Math 304 ML: Euclidean algorithm

Due Friday, February 11, in your Blackboard drop box

Write code that implements the Euclidean algorithm. In particular, note the code for ggcd in PSML (not gcd--you will need the fuller version in the next assignment). Expand this code so it also counts the number of steps in the algorithm. Probably the best way is to turn ggcd into, say, ggcdhelp (m,n,count) that does the recursive (iterative) step and increments count by 1. Then let (say)

gcd m n = ggcdhelp (m, n, 0);

Test your code with the following problems:

p. 60, #1, 6, 12, 13
p. 69, #6, 7

A run should look something like:

gcd 20 3 = (1,~1,7,3),

where 1 is the gcd, ~1 (minus) and 7 are the coefficients and 3 is the number of steps.

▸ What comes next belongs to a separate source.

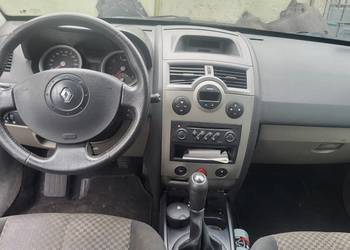 Uszkodzone Renault Megan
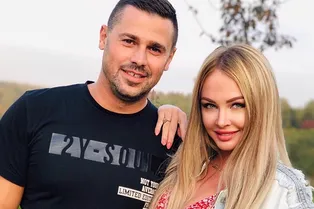 «Своя ноша не тянет»: муж Дарьи Пынзарь носит ее на руках «Своя ноша не тянет»: муж Дарьи Пынзарь носит ее на руках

The step count in the book might be one off from yours--it depends on where you start counting. Don't worry about it.

Note that the discussion on this section of PSML concerns "verifiable code." That is, the code "checks itself," essentially by substituting the answer it gets back into the problem. This is an important concept in modern computer science.

10 points (not easy) extra credit: code the Chinese remainder theorem (page 82). The input will be a list

[(a₁,n₁),(a₂,n₂),...,(a_r,n_r)],

and the output will be X.

Do it first for r=2, using the Euclidean algorithm. Then note that the general case can be done recursively.